- Born: 5 December 1982
- Died: 21 November 2004 (aged 21) Naples, Italy
- Cause of death: Homicide
- Known for: Victim of Di Lauro clan

= Gelsomina Verde =

Italian murder victim

Gelsomina Verde (/it/; 5 December 1982 – 21 November 2004) was a victim of the Camorra who was tortured and subsequently murdered during the Scampia feud in the city of Naples on 21 November 2004, aged 21.

== Murder ==
Verde, a leather factory worker, was abducted and tortured by members of the Di Lauro clan, in an effort to make her disclose the whereabouts of her former boyfriend, a Scissionisti clan member, Gennaro Notturno.

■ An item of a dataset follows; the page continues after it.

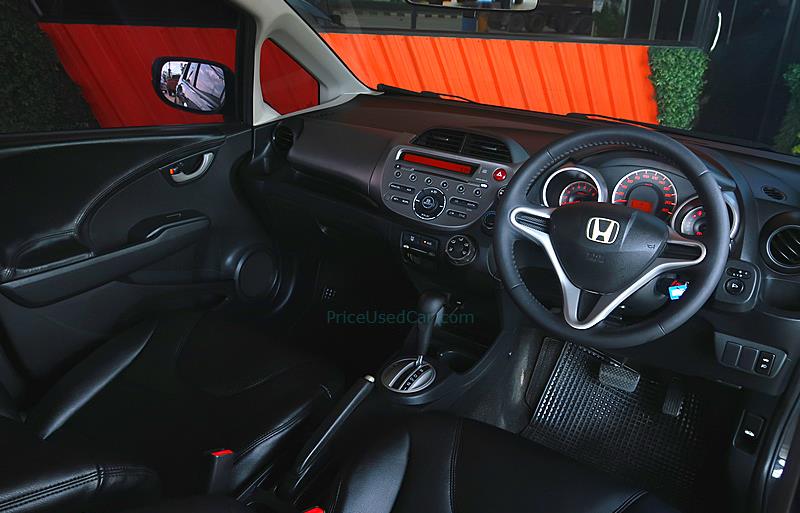 ขายรถเก๋งมือสอง honda jazz รถปี2012 รหัส 75612 รูปที่9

Gelsomina and Gennaro had broken up weeks prior to her abduction.

An autopsy conducted on her corpse revealed that she had been killed with three shots to the neck after enduring hours of torture. The killers then set her body on fire inside her car, in order to hide the torture she had suffered and not to cause public commotion after her death.

== Aftermath ==

=== Public reaction ===
Verde's death caused widespread public revulsion and led to a major crackdown by the authorities. The president of the Campania region (of which Naples is the capital) Antonio Bassolino said: "This challenge must be met and the state must pay attention." Two days later, Home Minister Giuseppe Pisanu dispatched 325 extra police officers to the city which already had a higher ratio of police to people than any other in the country. This contributed to the end of the feud in September 2005.

=== Trial ===
Verde's family was a civil party in criminal proceedings that ended on 4 April 2006. It resulted in the life imprisonment of Ugo De Lucia, considered to be one of the most brutal killers in the Di Lauro clan. Another Di Lauro clan member, Pietro Esposito who testified against his former cohorts, received a prison term of seven years and four months for his involvement in the murder.

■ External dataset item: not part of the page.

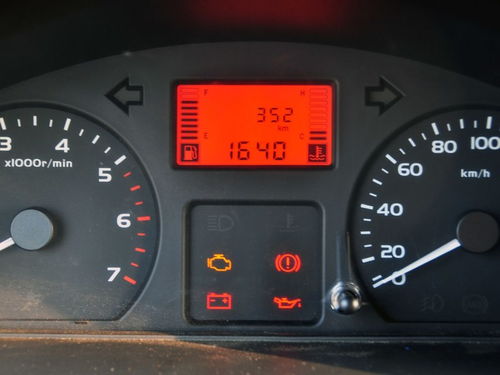 拆五菱汽车仪表盘多少钱(五菱汽车仪表盘拆装费用详解)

On 13 December 2008, Cosimo Di Lauro, was sentenced to life imprisonment for ordering the murder of Gelsomina Verde. Di Lauro died in prison on June 13, 2022. An autopsy was ordered.

== Legacy ==
Verde is mentioned in the 2006 book Gomorrah by Roberto Saviano, while she is also the inspiration behind a character named Manu (played by Denise Perna) in the television series of the same name, who appears in the ninth episode entitled "Gelsomina Verde".